"""
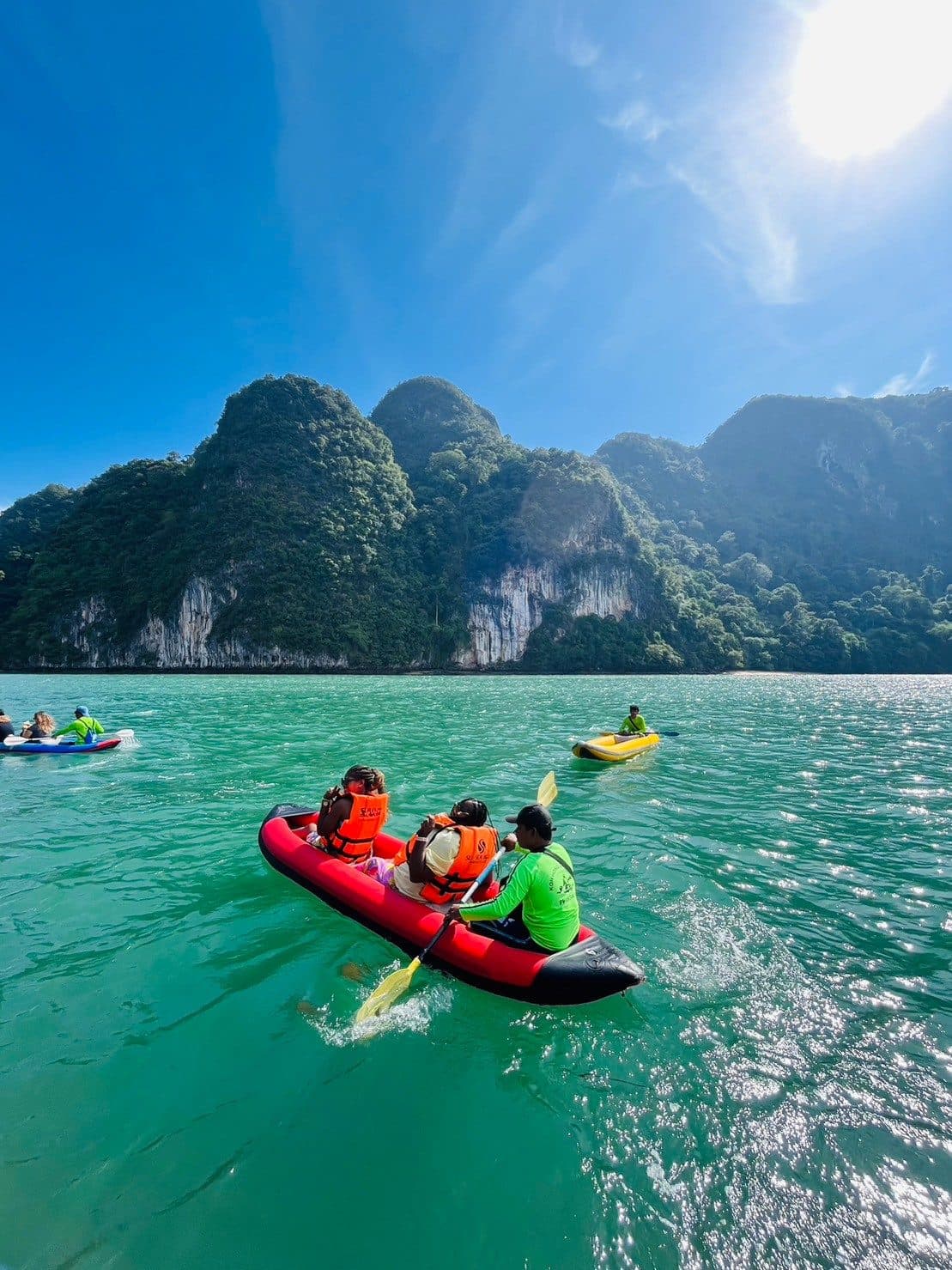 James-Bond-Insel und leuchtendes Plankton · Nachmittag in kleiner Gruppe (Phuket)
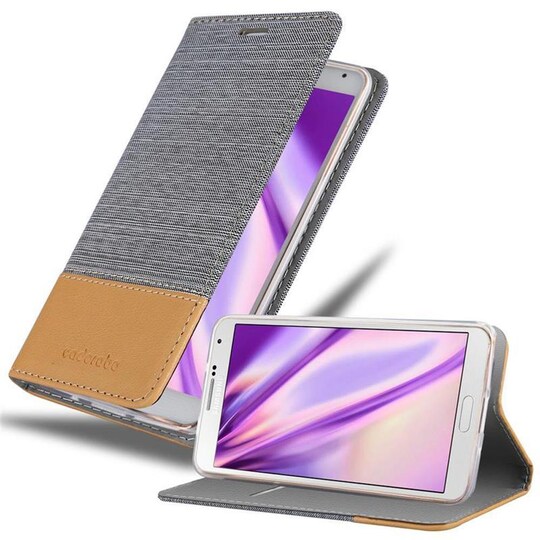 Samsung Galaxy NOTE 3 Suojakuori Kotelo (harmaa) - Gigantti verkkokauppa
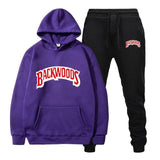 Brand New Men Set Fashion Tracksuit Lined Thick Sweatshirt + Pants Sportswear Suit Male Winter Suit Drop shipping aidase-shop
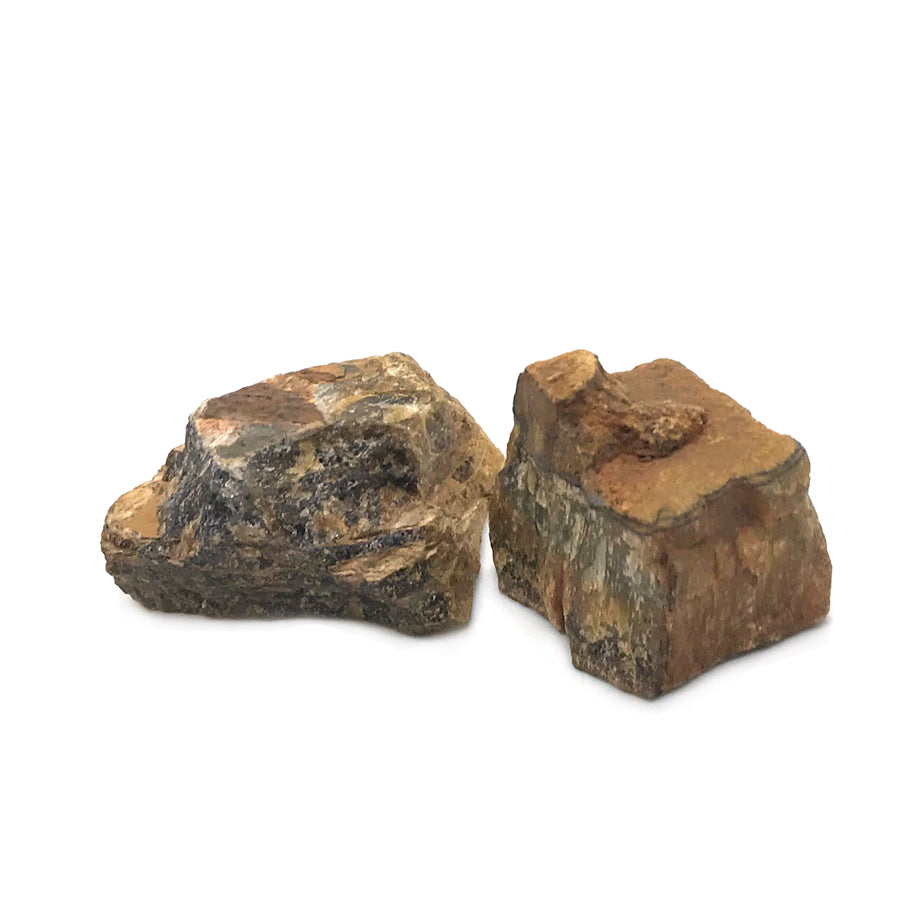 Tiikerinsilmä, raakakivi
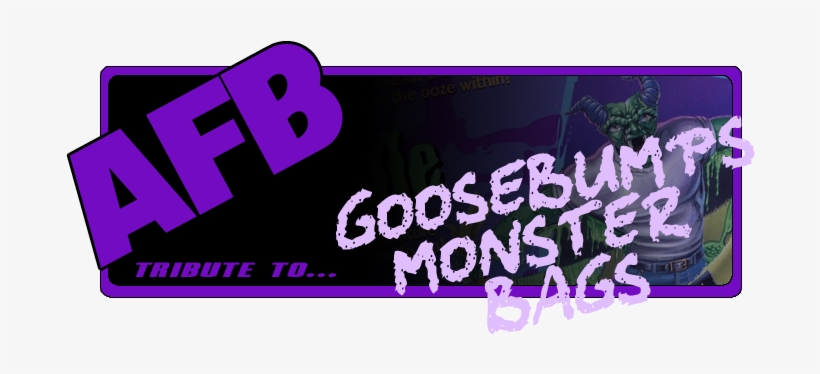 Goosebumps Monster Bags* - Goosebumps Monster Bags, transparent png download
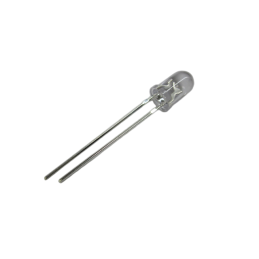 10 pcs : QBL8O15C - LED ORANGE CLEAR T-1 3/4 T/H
"""
What you need to do:
Please return only the lines from the one holding "Samsung Galaxy NOTE" through the end of the data, both ends included; do not copy any pictures.

Answer below:
 Samsung Galaxy NOTE 3 Suojakuori Kotelo (harmaa) - Gigantti verkkokauppa
 Brand New Men Set Fashion Tracksuit Lined Thick Sweatshirt + Pants Sportswear Suit Male Winter Suit Drop shipping aidase-shop
 Tiikerinsilmä, raakakivi
 Goosebumps Monster Bags* - Goosebumps Monster Bags, transparent png download
 10 pcs : QBL8O15C - LED ORANGE CLEAR T-1 3/4 T/H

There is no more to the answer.